I. Using high-speed atomic force microscopy (HS-AFM) to understand biomolecules (Cytoskeletal proteins, pore forming proteins, membrane proteins, etc) self-assembly, dynamics and working mechanisms in native-like environment.

i) Septins are a family of cytoskeletal GTP-binding proteins, conserved from fungi through humans, which have key roles in cell division, cell polarity, and membrane remodeling. While recent structural studies have provided snapshots of the various septin assembly levels, mechanistic questions how septin filaments elongate and further assemble into higher hierarchical structures, and crucial structural determinants and environmental factors regulating septin assembly remain unanswered. We use HS-AFM and determine that assembly of septin filaments and filament pairing are diffusing driven processes, while septin assembly into higher order 3D structures is more complex and involves septin self-templating. Environmental pH and KCl concentration influences septin filament assembly, packing, pairing and multilayer formation. This first direct dynamic imaging of septins with single molecule resolution indicates that septin itself and environmental factors allow cells to fine-tune septin assembly in a task-specific way.
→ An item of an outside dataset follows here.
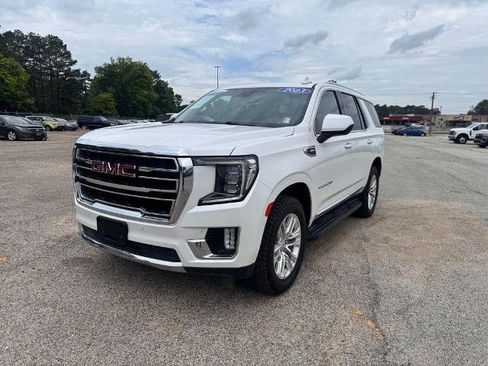 Used 2023 GMC Yukon SLT AWD/4WD image 3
ii) Perforin-2 is an immune system toxin that provides front line defense against bacteria that cause serious disease in humans when they grow within or on human cells. This is achieved by perforin-2 targeting bacterial cell membranes by assembling into rings and forming pores. Using HS-AFM and other approaches, we characterize the function and transition of pre-pore and pore states. Surprisingly, in regions of the protein responsible for pore formation face away from the membrane to which the protein is bound in the pre-pore.

II. Using in-situ AFM to understand diblock copolymer/peptide self-assembly and crystallization mechanisms.

We succeeded in synthesizing a new class of 2D materials from three peptoids (Pep-2, Pep-3, and Pep-4) that have an amphiphilic structure akin to the lipids that form bilayer cell membranes. Using in-situ AFM to both dissect these membrane-like materials and image their subsequent behavior, we explore their ability to self-repair on a range of solid substrates.

III. Investigating intermolecular interactions by AFM and dynamic force spectroscopy.

Contractile injection systems, ubiquitous in bacteria, are complex macromolecular machines that are able to perforate the host cell envelope and deliver proteins and/or DNA. While the structures of contractile sheaths are now solved in both extended and contracted states, almost nothing is known about the physics of the system. Here we use HS-AFM imaging and force measurements to characterize R-type pyocin sheaths. The head-on pyocins can be segregated into two classes, one visibly capped the other one open, certainly representing the far and the tube-releasing ends of the empty sheath. To analyze the force and energy stored in the system for host cell envelope penetration, we use the HS-AFM tip to extend the length of the contracted sheath and determine its spring constant k(pyocin)~117 pN/nm, indicating that the force applied by a pyocin may reach ~6.7 nN and the energy stored in the extended sheath may amount to ~46,000 kBT.